Dirty Chicago cop gets 15 months in prison after flipping for feds

BY KIM JANSSEN

Ali Haleem, a Chicago Police officer, used his skills as an undercover narcotics officer to serve as an informant for feds in corruption cases.
A dirty Chicago cop who proclaimed himself the “Mayor of 63rd Street” was sentenced to 15 months in prison Wednesday for shaking down a tow truck driver and selling guns to a convicted felon.
Ali Haleem was only spared a longer sentence because of his “extraordinary degree of cooperation” with prosecutors, U.S. District Judge John Z. Lee said.
Suspected of wrongdoing for years, Haleem, 47, was allowed to keep his police job when he was busted by the feds in 2008, so that he could use his skills as an undercover informant.
He wore a wire and helped build public corruption cases against nine other defendants, including the campaign treasurer for former State Sen. Rickey Hendon and two brothers who took bribes to cut property taxes at the Cook County Board of Review.
Speaking Wednesday, an emotional Haleem told the court that in an attempt to right his wrongs he had taken “a 180 degree turn” by working for the FBI for four years following his capture.

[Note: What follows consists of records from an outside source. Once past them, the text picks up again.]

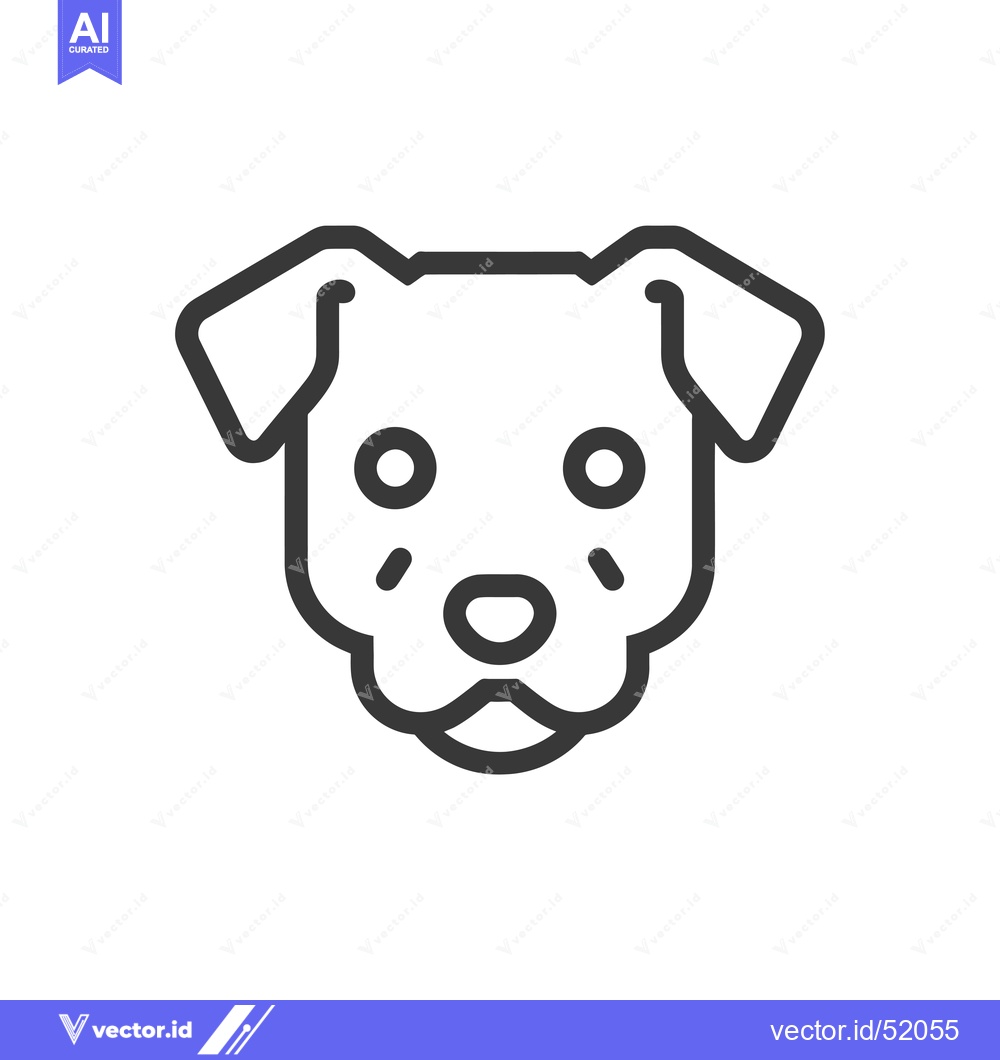 Premium Vector of Line art illustration of a dog's head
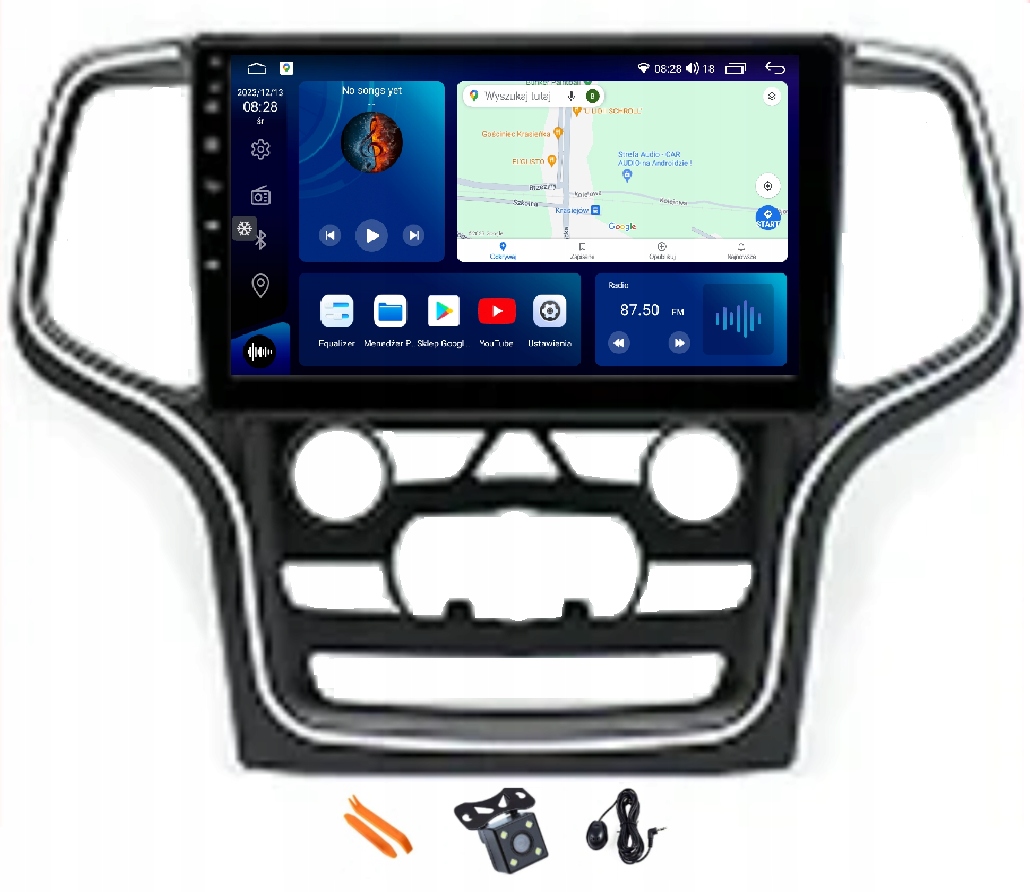 Rádio Android Gps Lte Qled 2K CarPlay 128GB pro Jeep Grand Cherokee 4 WK2 (2013-2020)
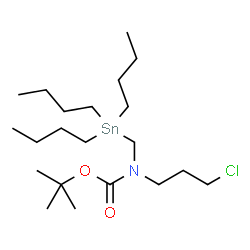 ChemSpider 2D Image | tert-Butyl (3-chloropropyl)((tributylstannyl)methyl)carbamate | C21H44ClNO2Sn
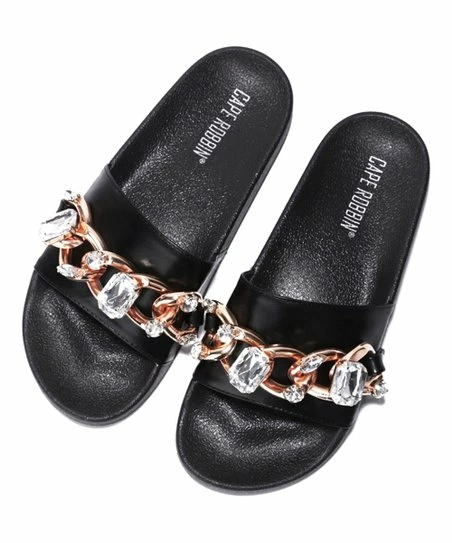 Deals ๐ Cape Robbin Black Rhinestone Chain-Accent Slide - ๐ฉ Women ๐ฏ 1 Deals ๐ Cape Robbin Black Rhinestone Chain-Accent Slide - ๐ฉ Women ๐ฏ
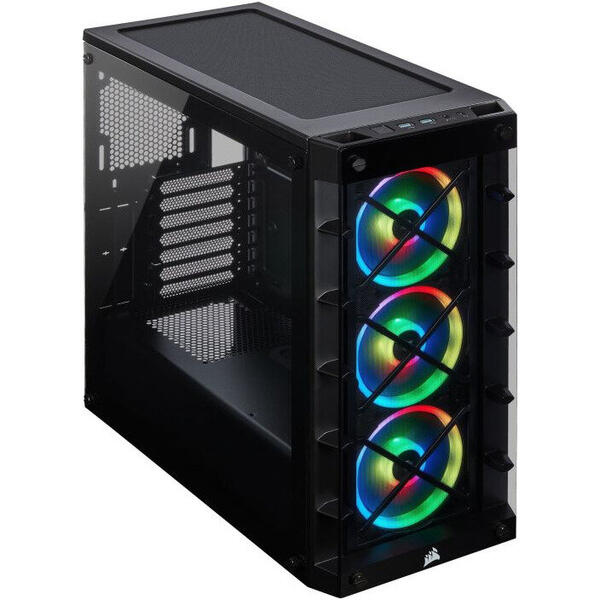 Carcasa Corsair iCUE 465X RGB, MiddleTower, Tempered Glass, Fara sursa, Negru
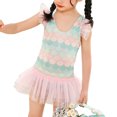thumbnail image 1 of Baby Girls One-Piece Sparkly Sequins Mermaid Fish Scale Ruffles Swimsuit Swimwear Bathing Suit, 1 of 5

Apologizing to the judge, his family and “the citizens of Chicago,” he said, “to say that I’m sorry is an understatement.”
He is one of 10 former Chicago cops to be convicted in recent years of extorting tow truck drivers at accident scenes.

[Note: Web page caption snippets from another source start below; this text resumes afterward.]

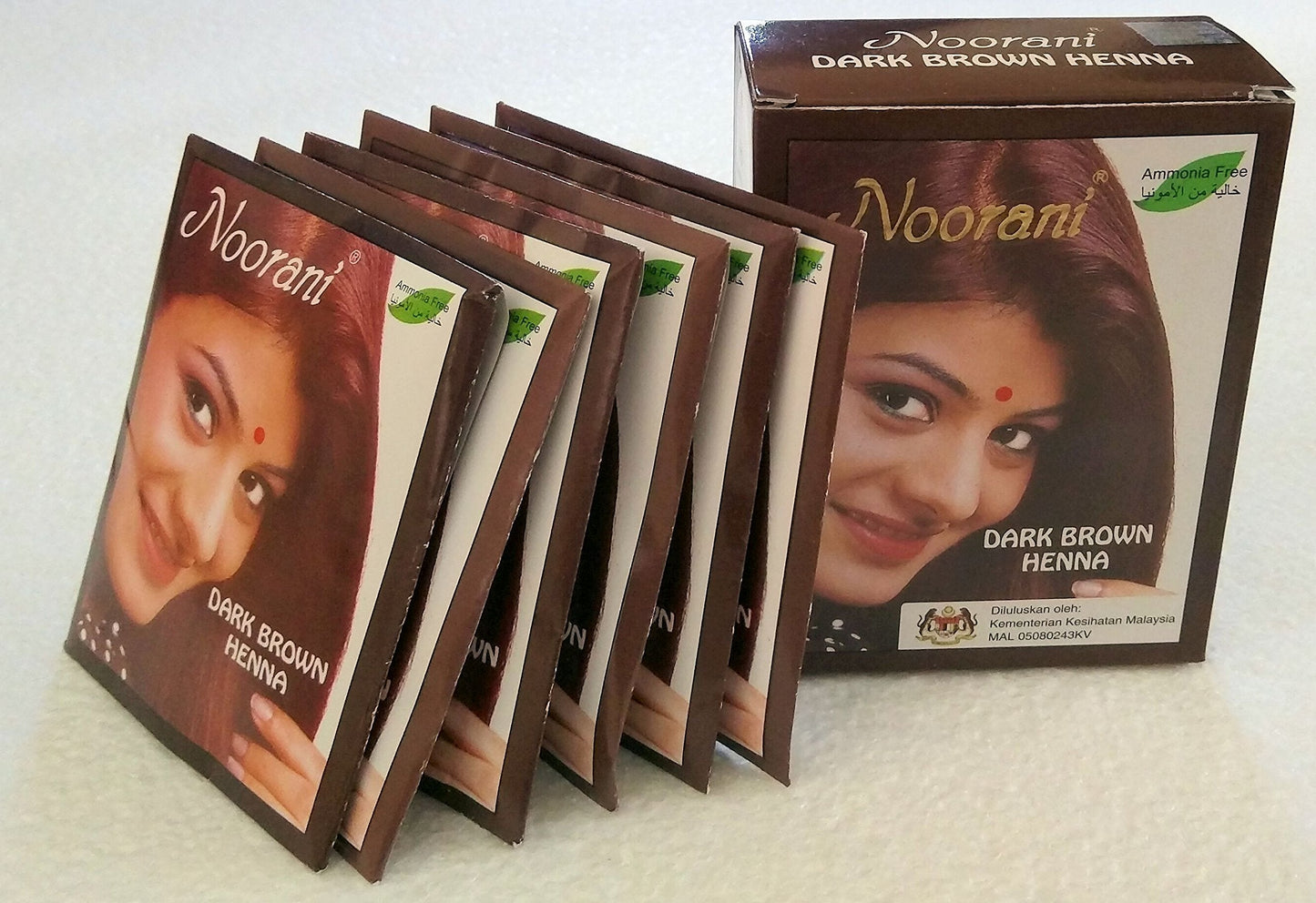 Noorani Dark Brown Henna 6 X 10 gms/Box Beauty & Personal Care Noorani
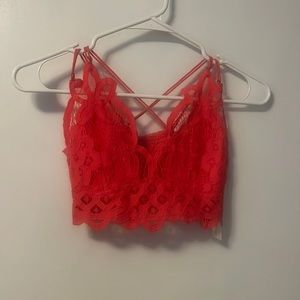 Free People Coral Pink Bralette, Size Small, New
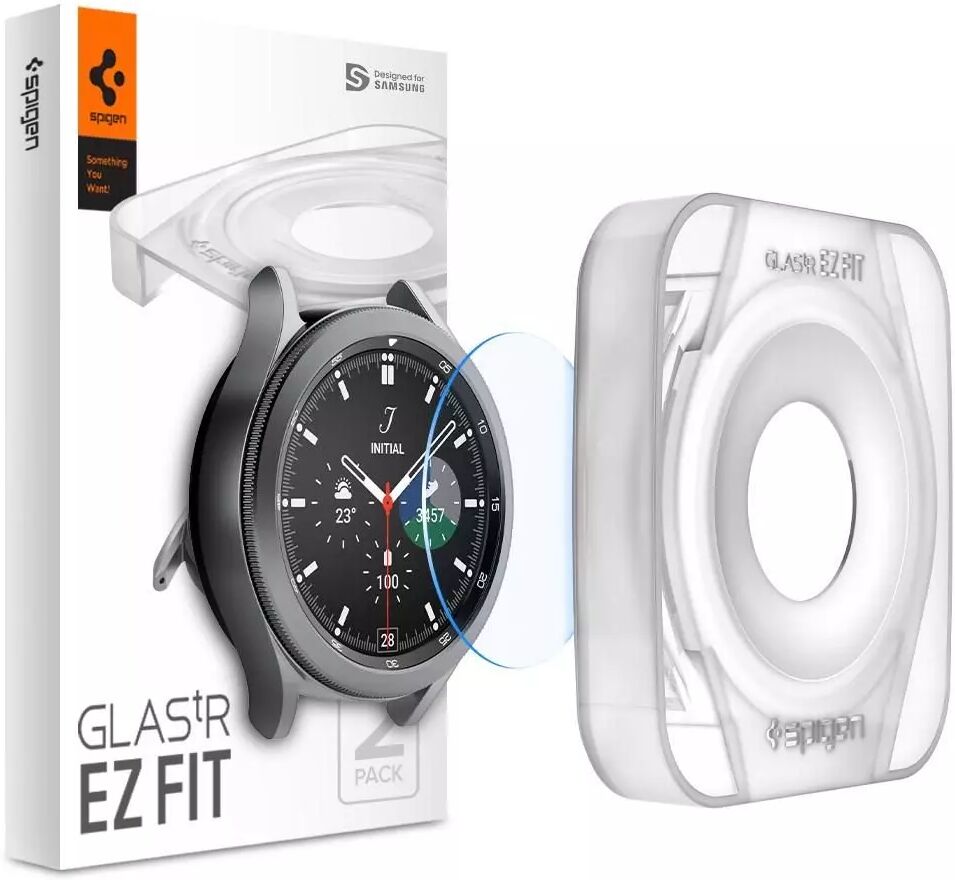 Spigen Samsung Galaxy Watch 4 Classic (42mm) Spigen EZ Fit GLAS.tR Skjermbeskytter - 2 stk - Gjennomsiktig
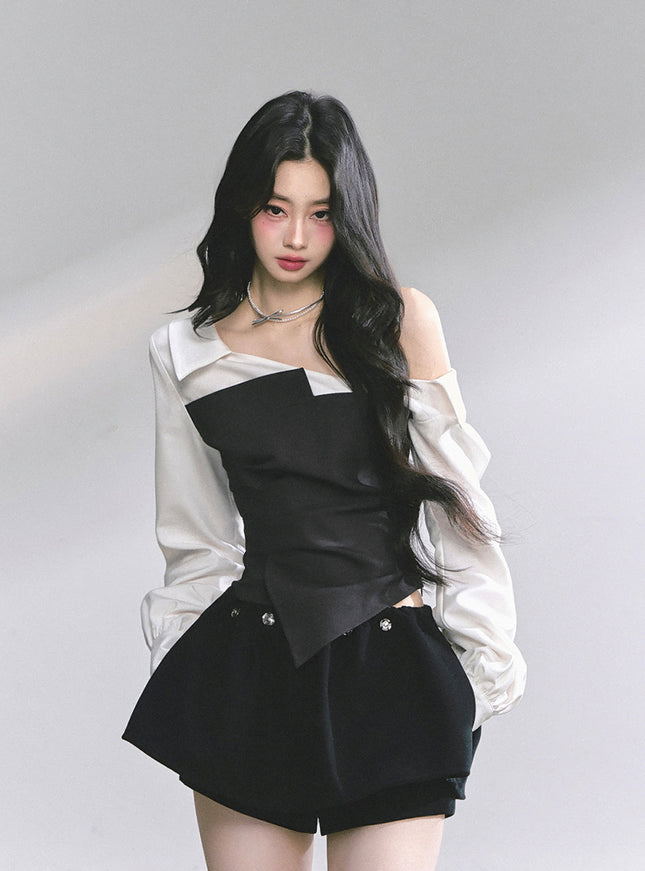 Black & White Layered Top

But Lee told him that by selling two guns for $1,000 to a convicted felon at a South Side Dunkin’ Donuts in 2007 and later selling another stolen gun at a White Castle, Haleem had “increased the risk of violence” on Chicago’s streets.

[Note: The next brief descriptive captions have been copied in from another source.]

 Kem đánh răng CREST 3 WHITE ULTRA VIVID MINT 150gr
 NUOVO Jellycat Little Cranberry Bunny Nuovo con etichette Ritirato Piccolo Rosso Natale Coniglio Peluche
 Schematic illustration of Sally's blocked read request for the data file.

The betrayal of his badge “put more guns on the street and it ruptured the trust that the public is entitled to have in the police,” the judge said.
Prosecutors had asked for a sentence of 20 months.
But Lee said he took into account Haleem’s work building trust between authorities and the Arab-American community, his service in the National Guard and his otherwise “distinguished career as a police officer” in sparing him.
He said prosecutors provided no evidence to support their allegation that Haleem once offered $10,000 to an alderman in an attempt to get a promotion in the police department.
Unmentioned at Wednesday’s sentencing hearing were prior allegations that Haleem was paid by a drug smuggling ring in 2001 to tip them off about investigations.
Both federal and internal police probes of those alleged crimes went nowhere. And it wasn’t until Haleem was unmasked as an informant in 2012 that he finally left the police department.